Die Kirche ist mit ihrer Personalpolitik Vorbild für den Arbeitsmarkt

Mit 66 Jahren

Wenn in Wirtschaft und Politik die meisten beruflichen Karrieren enden, nehmen sie in der katholischen Kirche nicht selten erst richtig Fahrt auf. Die Berufung des 66-jähirgen Konrad Zdarsa zum neuen Augsburger Bischof zeigt: Der Vatikan setzt auf die Erfahrung seines Personals, gleichzeitig rücken Junge nach. Vorbildlich, meinen Experten.

Autor/in:
Michael Borgers
 (DR)

Als Joseph Kardinal Ratzinger 2005 Papst Benedikt XVI. wurde, sprachen nicht Wenige von einer "Übergangslösung", der Deutsche war gerade 78 geworden. Gut fünf Jahre später ist er noch immer im Amt. In der Zeit wurde er für Manches kritisiert - sein Alter jedoch spielte dabei nie eine Rolle. Inzwischen ist Benedikt der dienstälteste deutsche Pontifex der Geschichte.
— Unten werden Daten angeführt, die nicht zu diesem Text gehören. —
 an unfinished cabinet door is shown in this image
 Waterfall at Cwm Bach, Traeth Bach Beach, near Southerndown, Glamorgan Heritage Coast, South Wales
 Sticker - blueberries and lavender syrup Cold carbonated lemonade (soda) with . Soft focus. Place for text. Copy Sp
Mit seiner Entscheidung, dem Oberhirten des kleinsten Bistums Görlitz nun mit Augsburg eines der größten anzuvertrauen, überrascht nicht. Mit 66 Jahren ist Bischof Konrad Zdarsa im besten Alter für einen Kirchenmann. Und es muss nicht sein letzter Posten sein. Zum Beispiel Walter Kasper: Der gerade emeritierte Kurienkardinal war genauso alt, als ihn Papst Johannes Paul II. 1999 nach Rom holte. Gerade ist der Deutsche mit 77 Jahren in den Ruhestand gegangen. "Um das Alter herum dürfen auch Kardinäle in Pension gehen", kommentierte Kasper schmunzelnd.
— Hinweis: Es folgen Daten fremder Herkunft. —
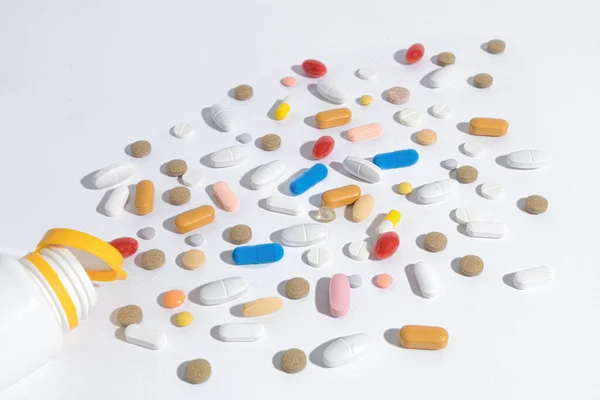 テーブルの上に多くの薬を クローズアップ テーブルの上にはさまざまな形や色の錠剤が散乱しています 薬が瓶からこぼれた — ストック写真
Vorbild für den Arbeitsmarkt?
Für den Alterswissenschaftler Marcel Temme ist der Weg der Kirche, ihr Personal einzusetzen, der richtige. Erst seitdem die Rente mit 67 eingeführt wurde, hätten viele Unternehmen der freien Wirtschaft damit begonnen, sich mit dem demographischen Wandel auseinanderzusetzen. Der Wissenschaftler beobachtet für das Dortmunder Forschungsinstitut "prospektiv" die Entwicklungen auf dem Arbeitsmarkt für die Älteren. Und genau hier komme in den kommenden 20 Jahren noch Einiges auf die Unternehmen zu, sagt Temme im Interview mit domradio.de voraus.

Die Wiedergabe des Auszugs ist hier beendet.